今回はマスコミなどでしばしば話題となるノロウイルスに関してのコラムです。冬季に流行しやすく、嘔吐、下痢、腹痛、微熱などの症状が数日間続き、ひどい場合は点滴での治療が必要なことがあります。残念ながら特効薬は無く、また予防のためのワクチンもありません。上記の症状が起こった場合は医療機関に早期受診し、確定診断を受けてください。ノロウイルスは感染力が非常に強く、吐物や便からの飛沫に10日間以上生存し、また罹患後に回復した人からも2~4週間排出されると言われています。家族内で感染することが多いことも知識として持ち、手洗いを石鹸と流水で30秒間を目標にして丁寧に長くの行う習慣をつけて感染を避けるよう心がけて下さい。

障害者健康増進・運動医科学支援センター 医長 冨安幸志

血液中の脂(血清脂質)について

2015.10.26

私たちの血液中のコレステロールや中性脂肪は生命維持に必要なステロイドホルモンの原料となり、また全身の細胞の構築にも、エネルギーとしても使われる大切なものです。しかしながら血糖と同じで多すぎても少なすぎても困ります。人間は加齢とともに必ず動脈硬化が進みます。悪玉(LDL)コレステロールが増えすぎると血管の壁にたまり、動脈硬化の進行を速め心臓病や脳卒中になるリスクが上がると報告されています。自身の検査結果でコレステロールや中性脂肪の値をご存じの方も多いことでしょう。主な治療には食事療法、運動療法、薬物療法が行われています。健診などで基準値外の数値が気になる場合は気軽に内科外来受診をしてください。栄養士や運動療法士とともに生活習慣を見直し、必要なケースではお薬を服用して正常値を維持することも有益です。

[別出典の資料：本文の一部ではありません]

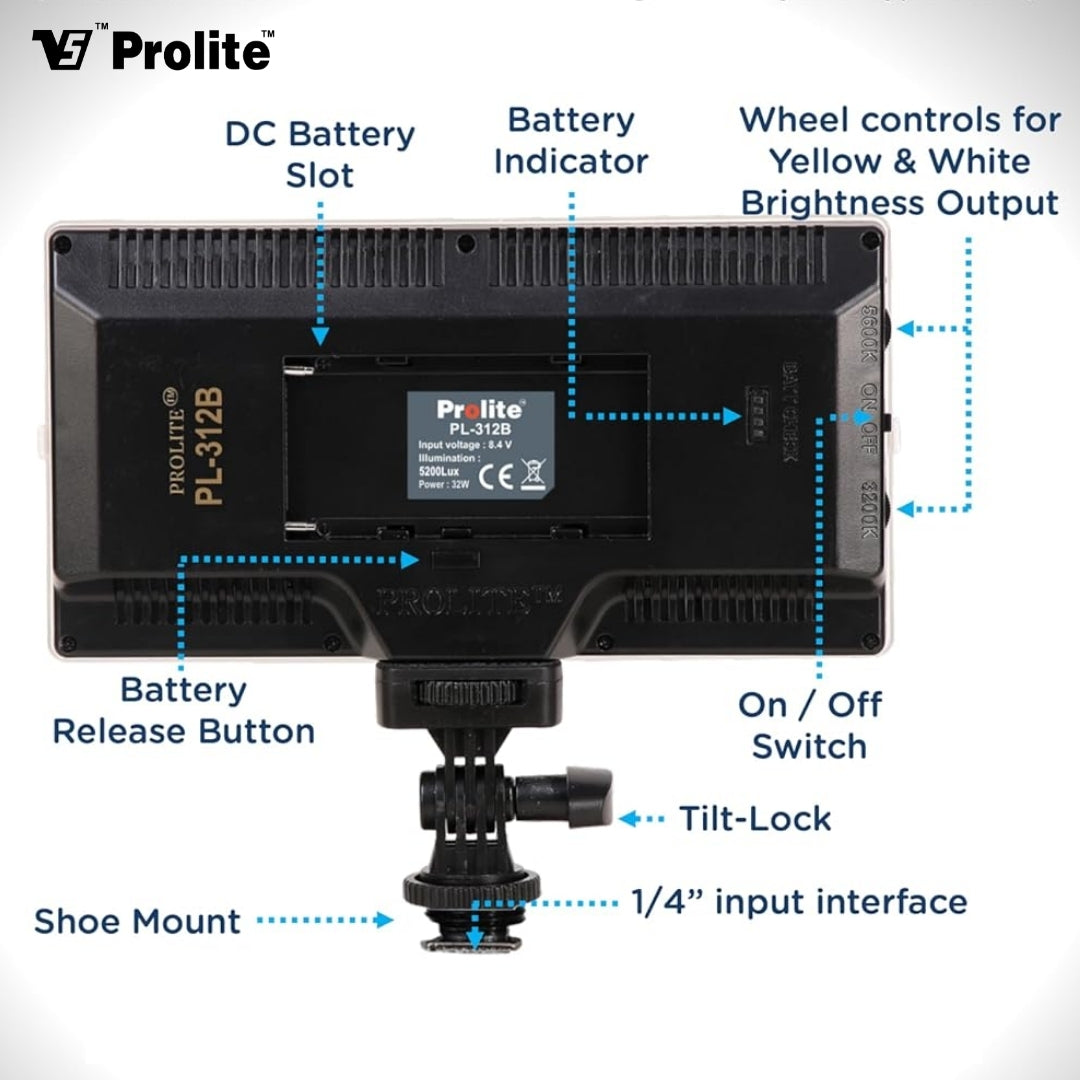 Prolite LED 312 Professional Video Light with NP-550 Li-ion Battery, 3200K-5600K Adjustable, 5200 LUX, 1/4″ Mount, C-Type Charging, Ideal for Content Creators, Product Photography, Makeup Shoots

障害者健康増進・運動医科学支援センター 医長 冨安幸志


高血圧ガイドライン(血圧のおはなし)

2015.10.5

高血圧がなぜ「良くないか」といいますと腎不全や心不全、脳卒中、心臓血管病の原因の一つとなるからです。血圧を下げることでリスクが抑制されることから日本高血圧学会では140/ 90mgHgを高血圧の基準としています。多くの医師は学会の作成するガイドラインを参考に診療にあたります。最新版(2014年)では家庭血圧を重要視しています。家庭では朝夕それぞれ2回測って、その平均を記録することを推奨しています。緊張せず病院よりもやや低めに出ることから135/ 85mgHgが高血圧の基準となります。特に糖尿病患者さんでは130/ 80mmHgまで下げることが推奨されています。また医師の指示のもと24時間自宅で自動的に計測できる機械(ホルター血圧計)を使ってより繊細に血圧変動を把握することも可能です。

障害者健康増進・運動医科学支援センター 医長 冨安幸志

糖尿病の食事指導は医師のもとで

2015.6.18

エネルギーの源となる栄養素には炭水化物(糖質)、たんぱく質、脂質の「三大栄養素」が知られています。最近話題の低炭水化物食はそもそも2008年にアメリカ糖尿病学会が「肥満の改善に効果がある」と提唱したことから始まったようです。その後に肥満でない日本人にも高血糖の改善に有効であるというデータが示されました。一方で栄養指導に用いる「糖尿病食事療法のための食品交換表」が11年6か月ぶりに改訂され(第7版)、配分例として炭水化物60%、55%、50%の3つが用意されました。注意すべきは自己流での偏食には危険が伴うことです。特に妊婦さん、小児、腎臓疾患の方には安全性の考慮された、食事指導を医師から受けるようにしていただきたいものです。